The Everlasting Bond between Startups and Education

Guest post by James Burbank, editor in chief at BizzMarkBlog

Everyone loves a good story about someone who was an underachiever at school and later became a fantastic success and innovator. Besides most of those stories being only partially true (at best), in reality, things are much different. Great education is often found to be the foundation for many an innovator's efforts and the majority of governments around the world are looking to improve the entrepreneurial education they provide for the students.

The connection between startups and education flows in the other direction too - with many startups around the world trying to find ways to improve education and change the status quo that has pervaded education despite the world changing at an ever more rapid rate.

Today, we will be looking at both these facets of the startups-education relationship - at how education is driving innovation (and trying to do more) and at how edtech startups are changing education as we speak.
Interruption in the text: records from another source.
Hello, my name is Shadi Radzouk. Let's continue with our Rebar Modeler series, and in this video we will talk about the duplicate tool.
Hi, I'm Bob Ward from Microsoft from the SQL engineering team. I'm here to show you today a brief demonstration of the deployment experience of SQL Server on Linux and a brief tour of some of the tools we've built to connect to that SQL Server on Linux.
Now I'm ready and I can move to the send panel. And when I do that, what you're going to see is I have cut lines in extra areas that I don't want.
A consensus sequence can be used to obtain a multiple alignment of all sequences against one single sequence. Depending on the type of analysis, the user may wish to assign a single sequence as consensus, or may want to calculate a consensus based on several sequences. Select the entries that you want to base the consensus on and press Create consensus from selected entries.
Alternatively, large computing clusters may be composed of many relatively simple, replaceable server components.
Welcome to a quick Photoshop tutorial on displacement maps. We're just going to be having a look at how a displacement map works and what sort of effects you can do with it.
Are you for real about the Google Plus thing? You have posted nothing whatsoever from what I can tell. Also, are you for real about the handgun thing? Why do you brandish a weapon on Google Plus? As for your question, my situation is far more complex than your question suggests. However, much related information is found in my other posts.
How Education Drives Entrepreneurship

If you were to read anything written by the world's greatest startup founders and success stories on the role education had in their journey, they will most likely talk disparagingly about their elementary and higher education.
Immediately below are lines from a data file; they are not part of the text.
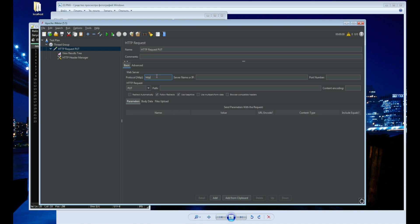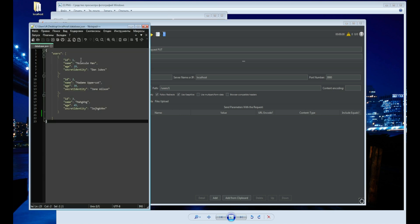For those who do not understand what I am doing, I advise you to watch my JMeter classes from the very beginning or at least from the middle. In the PUT method you need to specify a specific user for which you want to change something. However, the request will be addressed to the entire list of users and this will not give a good result.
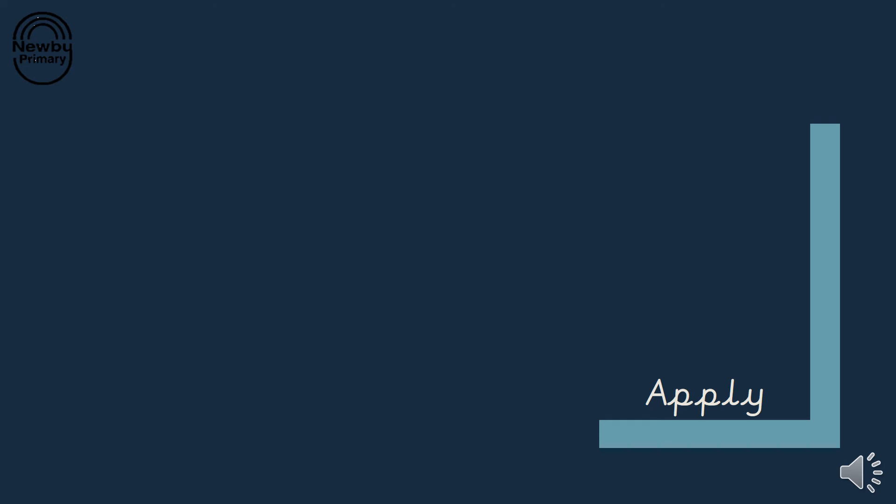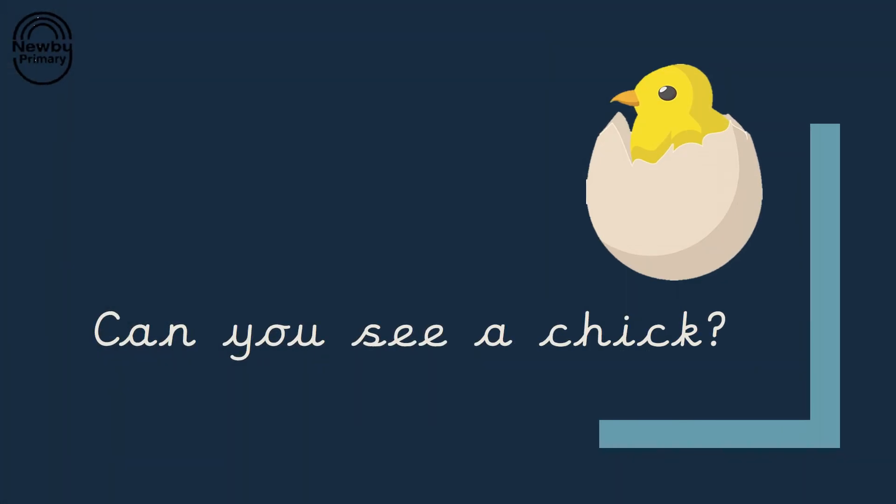Now we're going to try and apply what we've learned. Can you have a go at reading these sentences? And then we need to work out if the answer is yes or no. Put your thumbs up for yes and down for no. Let's have a go at reading the first one. Fantastic reading. Shall we have a go at reading this together? Can you see a chick? Can you see a chick? Thumbs up? Thumbs down? What do you think? Well done, thumbs up. I can see a chick.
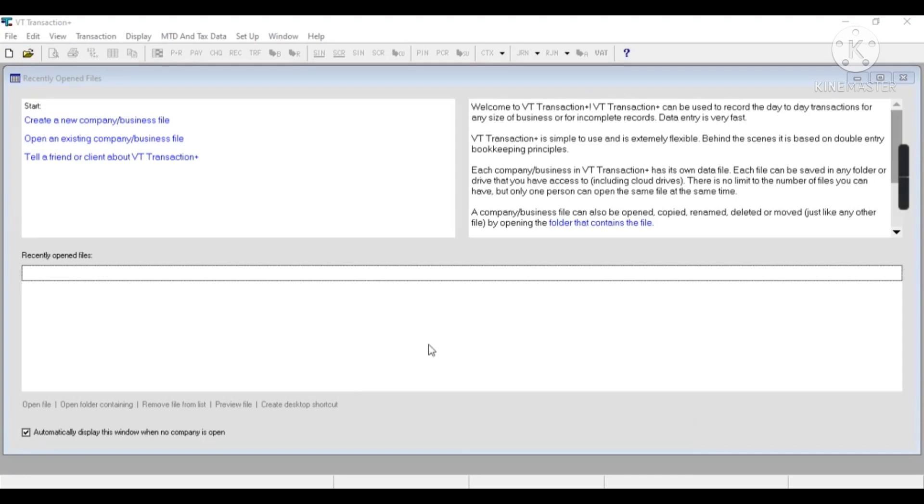Hey everyone, today we are going to learn VT Transaction, which is a UK-based bookkeeping software. In these videos we will find how to use this software. In any software, first of all we have to create a company or a client.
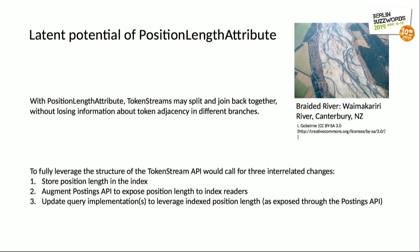The position length attribute was introduced in Lucene 3.6, but that information is discarded at index time — it's not written into the index. And so the assumption of a linear token stream persists for indexed content. Think of braided rivers, which look cool and are basically streams that separate apart and come back together. It's possible to do this without losing information about token adjacency in different branches.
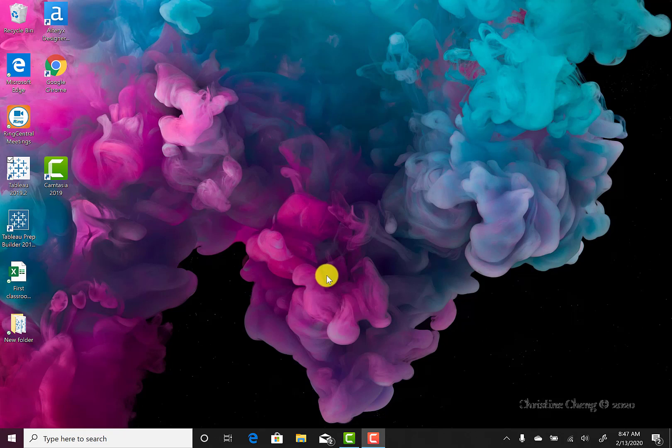To open Tableau, double-click on the Tableau icon. As you can see, I am using the 2019.2 version of Tableau for this video.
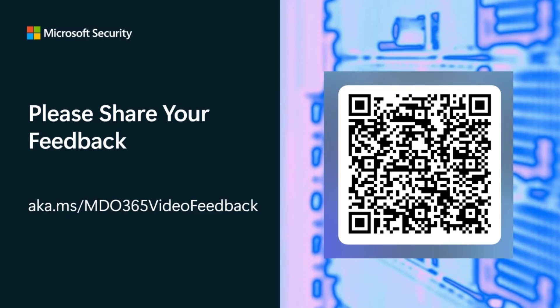And that's a wrap. Thanks for watching. Those are just some of the quick tips on configuring your anti-phishing policies. Please leave us feedback and have a great day.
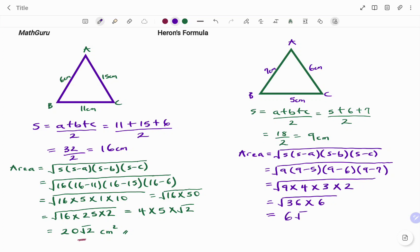So the area equals 6 root 6. Don't forget to put your unit: square centimeters. Thanks for watching, bye bye!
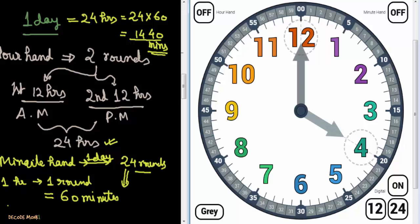I hope you have understood. If not, please rewind this video and watch again — you will be able to understand how to read a clock. Next, I will go into the detail of a.m. and p.m. Keep practicing. Thank you.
One of the reasons for this is that it makes their stories more romantic (succeeding without having the right infrastructure), but it also does paint a picture where educational organizations around the world are very much lagging when it comes to introducing entrepreneurship to students, especially those in elementary education.
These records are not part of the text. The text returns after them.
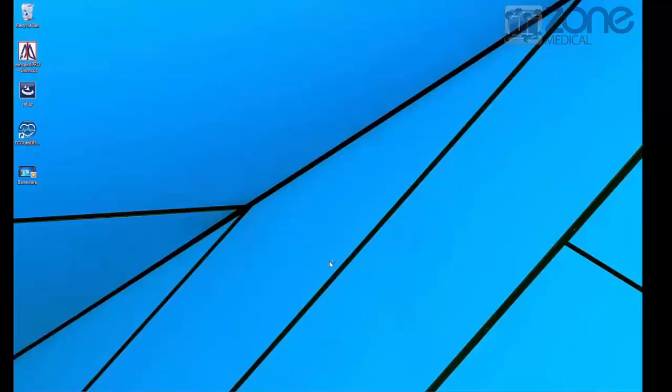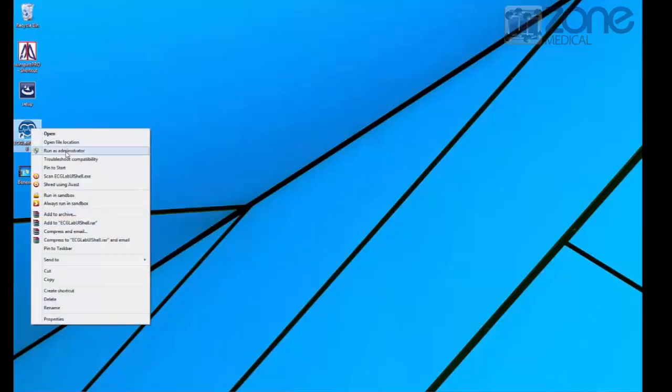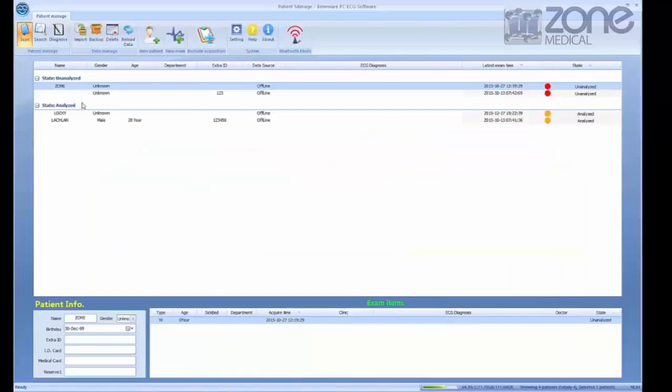First, you'll need to open the software and run as administrator. After this, you can either choose to add a new patient or run a scan from an existing patient.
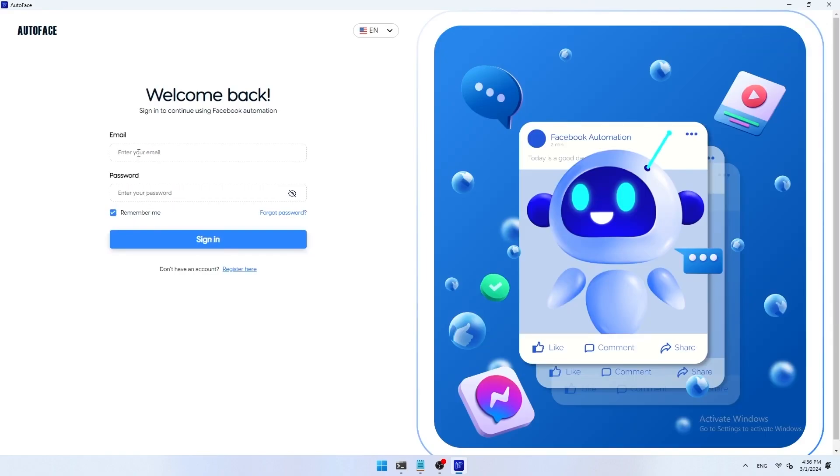After successfully registering an account, you will return to the original login screen. Here you just need to log into your AutoFace account using the email and password registered above. You can press remember me to remember your login account for next time, or press forgot password when you forget your login password.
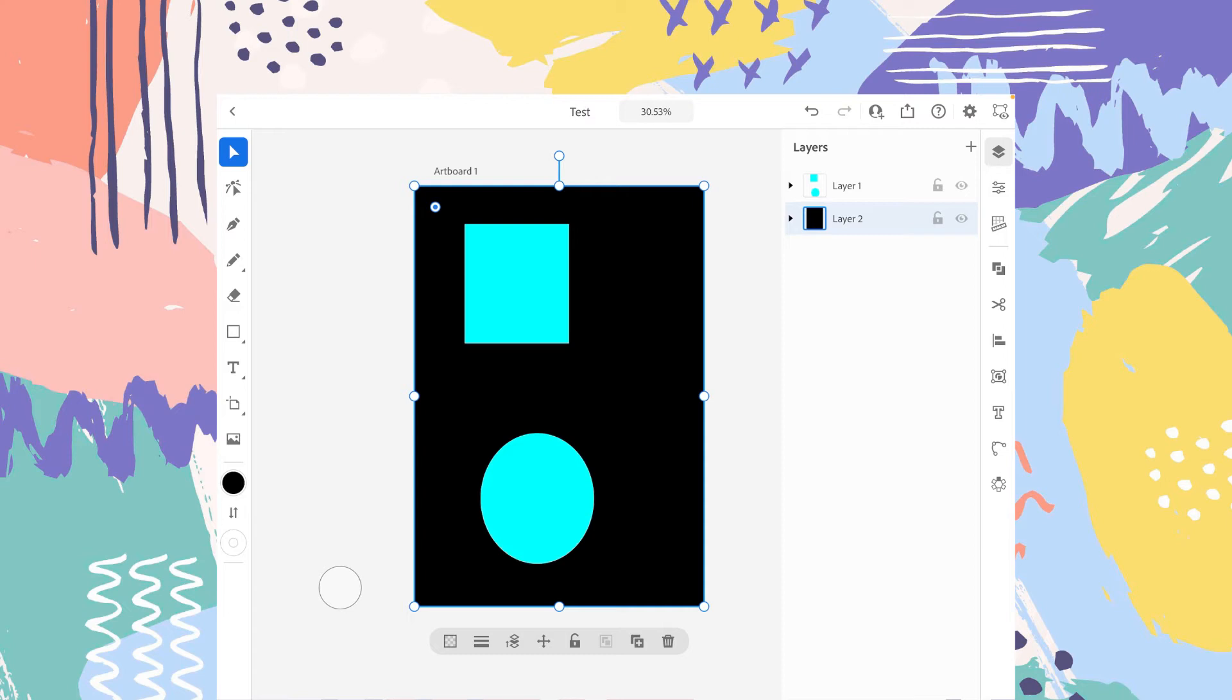And you can see the shape we have created while selecting layer two is now behind the layer one. So whatever layer is above will be shown in front and whatever layer is below that will be behind.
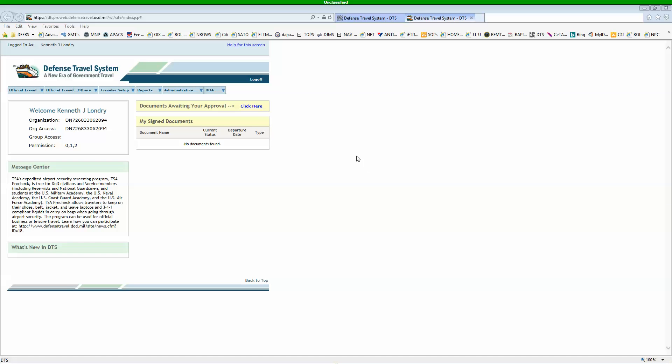Alright y'all, I'm going to break this down Barney style for you real quick. This is how you're going to do your travel voucher in the fastest, easiest way possible. You're going to log into DTS. First place you're going to go, official travel, over to vouchers.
Most often than not, entrepreneurship and the basics of business are not taught at the majority of elementary and high schools. For the most part, schools are still stuck teaching theory and preparing children for careers and the job markets that existed 40 or 50 years ago and that have nothing to do with the current state of things, let alone a reality that will exist when these children leave school.

The good news is that things are moving in the right direction. In Australia, the Foundation for Young Australians is regularly reminding everyone about the sorry state of entrepreneurial education in elementary education, like in this call for a national strategy. In October 2015, the Office of the Chief Scientist came forward with a publication called Boosting High-Impact Entrepreneurship in Australia which spoke mostly about the role universities need to play, being very straightforward about what has to change.

In the United States, a county famed for its entrepreneurial spirit, the situation in education is much the same, with steps finally being made to encourage entrepreneurship education. Network for Teaching Entrepreneurship (NFTE) is an organization which helps high school students from low-income families receive entrepreneurial education, for example. Things are moving forward in general in American schools.

In the European Union, there are EU-wide funds being made available for schools across the board that are willing to promote entrepreneurial education as part of special programs or regular curriculum. Like most things that are EU-related, these come with cumbersome bureaucracy, but if they want to, schools can really get invaluable help in funds and consultations.

How Startups are Changing Education

When we approach this relationship from the other point of view, we also see almost countless startups developing products, services and other solutions for various educational needs. These startups are looking to make money this way (and there is nothing wrong with that), but, for the most part, they are also truly and genuinely interested in improving the education ecosystem around the world.

Perhaps the most wonderful thing about these edtech startups is how varied they are.

For example, Udemy, one of the largest edtech companies in the world, does not even provide academic programs. Instead, the idea behind the startup was to allow experts to come up with courses on their own and to help their students learn things that will help them in future professional lives and lives in general. Udemy has grown into a full-fledged company a long time ago, even though it was turned down on more than one occasion by investors.

Udacity has also been a paradigm-shifter. This startup has taken the formula of Massive Open Online Courses and applied it to teachers from Silicon Valley's biggest companies such as Facebook or AT&T. This platform has been successful mostly due to the fact that its "graduates" find it extremely easy to get employment at Valley's biggest players.

Analytikus (a BizSpark featured startup, by the way) is a Mexico-based startup which uses big data analytics to identify higher education students who are at an increased risk of burnout and dropping out, enabling the university employees to prevent such negative outcomes through counseling and other actions.

When we are talking Australian edtech startups, we have to mention Literatu (another BizSpark startup) which helps teachers reinvent the way they assess their students and plan their future decisions on various students. Thinkswap is another interesting Australian startup which allows students to sell and purchase notes from various classes from both college and high schools.

Closing Word

Startups and education will always be together in it, so to say. Hopefully the education will provide more infrastructure for future startup founders while it is all but certain that various startups around the world will continue to change education for the better.